Root canal Treatment for tooth #32
Diagnosis
Radiographic Findings:
RL reaching the Pulp of tooth #32
Clinical Findings:
smooth surface caries reaches the pulp #32
Diagnosis:
Irreversible pulpitis
Treatment Objectives
Eliminate pulpal inflammation and disinfect the canal.
Relieve pain and associated symptoms.
Promote healing of periapical tissues.
Preserve the tooth in function and aesthetics.
Achieve a hermetic canal seal.
Restore tooth structure and prevent fracture.
Ensure long-term periapical health and function.
Treatment Plan
Step 1: X-ray
Step 2: Clinical evaluation
Step 3: Root Canal Treatment
Step 4: Restore tooth with Zirconia Crown.
Step 5: Follow-up recall after 6–12 months.
Clinical Procedure Summary
1. Diagnosis and Treatment Planning
Clinical and radiographic examination to confirm pulpal and periapical status.
Determine working length and canal morphology.
Obtain informed consent.
2. Access and Canal Preparation
Administer local anesthesia.
Prepare access cavity with proper straight-line access.
Determine working length using apex locator and confirm radiographically.
Clean and shape the canal using hand or rotary instruments with irrigation (NaOCl, EDTA, saline).
3. Obturation
Dry the canal with paper points.
Obturate with gutta-percha and sealer using the lateral condensation technique.
Verify obturation radiographically.
Seal the access cavity with a temporary.
4. Post-Endodontic Restoration and Crown Preparation
Remove temporary filling and assess remaining tooth structure.
Place a core buildup (composite).
Prepare the tooth for a full-coverage crown with proper finish line and taper.
Take final impression or digital scan.
Fabricate and cement a provisional crown.
5. Crown Cementation
Try-in the final crown for fit, occlusion, and aesthetics.
Cement permanently using resin.
Verify margins and occlusion.
6. Follow-Up
Schedule recall visits for clinical and radiographic evaluation of periapical healing and crown integrity.
Results
Tooth #32 became asymptomatic with resolution of pain and tenderness.
Radiographic evidence of periapical healing was observed.

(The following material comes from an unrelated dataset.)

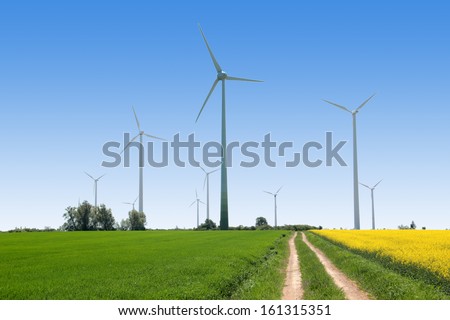 Wind generators - Power from renewable source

The tooth was functionally restored with a full-coverage crown, providing good aesthetics and occlusal harmony.
No signs of reinfection or mobility were noted at follow-up.
Reflection / Learning
Reinforced the importance of accurate working length determination and thorough canal disinfection for long-term success.
Learned to maintain proper isolation and aseptic technique throughout treatment.
Gained experience in achieving an ideal coronal seal and selecting an appropriate post-endodontic restoration.
Understood the significance of timely crown placement to prevent fracture and reinfection.